The Money Message hacker group has made it easier to hack MSI laptops by releasing confidential software certification keys for the manufacturer’s products, previously stolen from MSI’s own servers. Now attackers can infect laptops under the guise of the official BIOS and the system won’t notice the trick.
Last month, MSI’s servers were hacked. The attackers stole sensitive data and threatened to release it if MSI didn’t pay them a multimillion-dollar ransom. Apparently, the company didn’t make a deal with the hackers, so the hackers published various proprietary manufacturer data, including authentication keys for MSI laptop software, on their website on the dark web on Thursday.
Cybersecurity firm Binarly analyzed the data leaked by the hackers and confirmed that it contained BIOS keys for 57 of the company’s laptop models, among other things. Binary published on their page in the GitHub repository List of affected models laptops.
These keys are important because MSI uses them to certify updates to its software. Without them, the computer will perceive the software update as unreliable and potentially malicious. Now, these keys can fall into the wrong hands and be used to sign malicious code, but it is perceived by the system as official from the manufacturer.
“Software signing keys allow an attacker to create malicious firmware updates that can be delivered to a victim’s system via normal BIOS update processes using MSI update tools.”– Alex Matrosov, the head of Binarly, commented in a conversation with PCMag.
Using the keys, malware can enter the user’s computer via fake websites or emails pretending to be from MSI. However, according to Matrosov, the key attack vector in this case is performed “secondary download” – after the malware has entered the victim’s computer through a browser download or a phishing attack. In this case, most antivirus systems simply ignore the malware on the computer, assuming that it is signed by the manufacturer.
Another issue is key leaking for Intel Boot Guard, which provides hardware-based BIOS boot integrity protection, monitors unauthorized boot blocks and prevents them from executing. According to Binarly, the leaked MSI data contains Intel Boot Guard keys for 117 of the company’s products. It is noted that Intel Boot Guard technology is used in many segments.
“The leaked Intel BootGuard keys impact the entire ecosystem, not just MSI products, rendering this security feature useless.”says Matrosov. MSI and Intel did not respond to PCMag’s request.

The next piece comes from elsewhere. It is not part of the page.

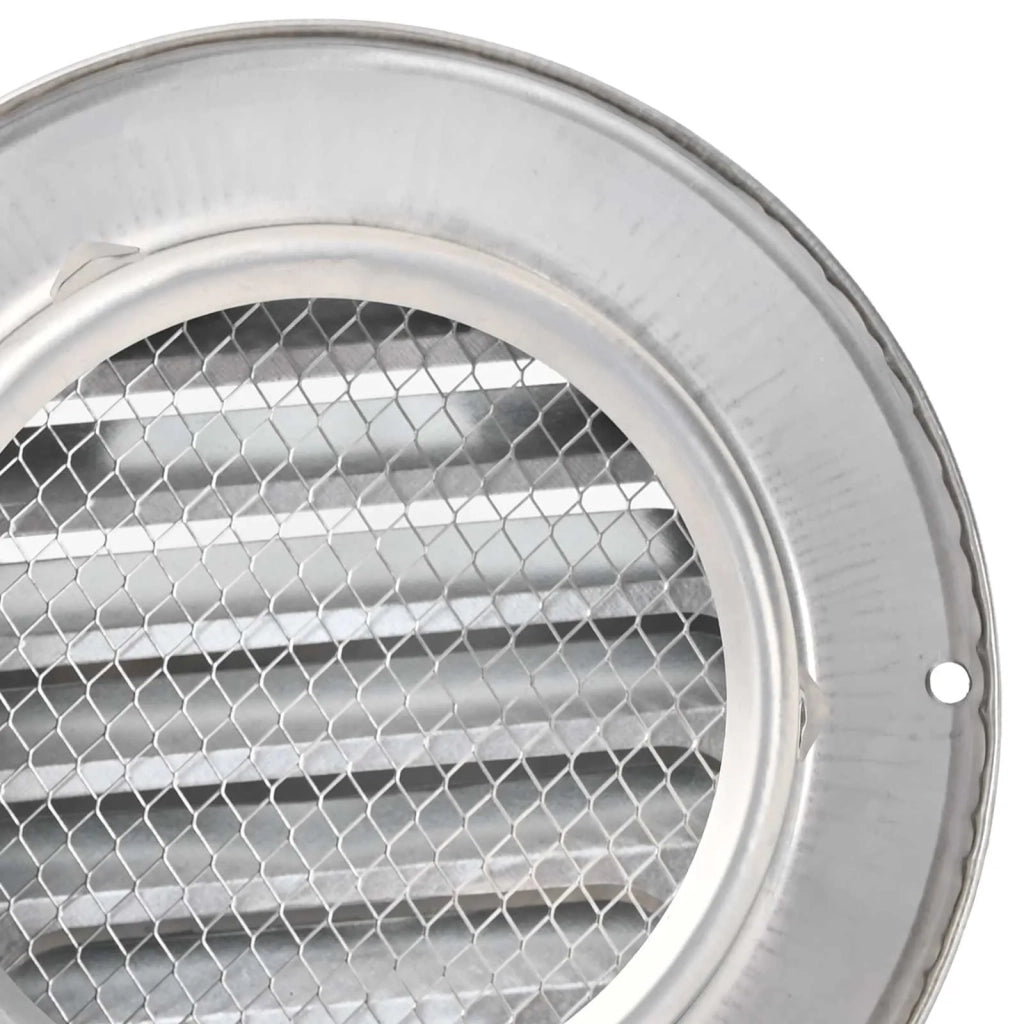 Coperture per ventilazione d'aria 2 pz Argento 80 mm CFW4930551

So far, MSI has only advised its users not to download its software from unofficial sources. According to Matrosov, MSI has a very limited range of possible solutions to this problem. “In my opinion, MSI is in a very difficult situation because in order to update the keys to new secure keys, old stolen keys have to be used. I don’t think the company has a mechanism to easily revoke compromised keys.”added the expert.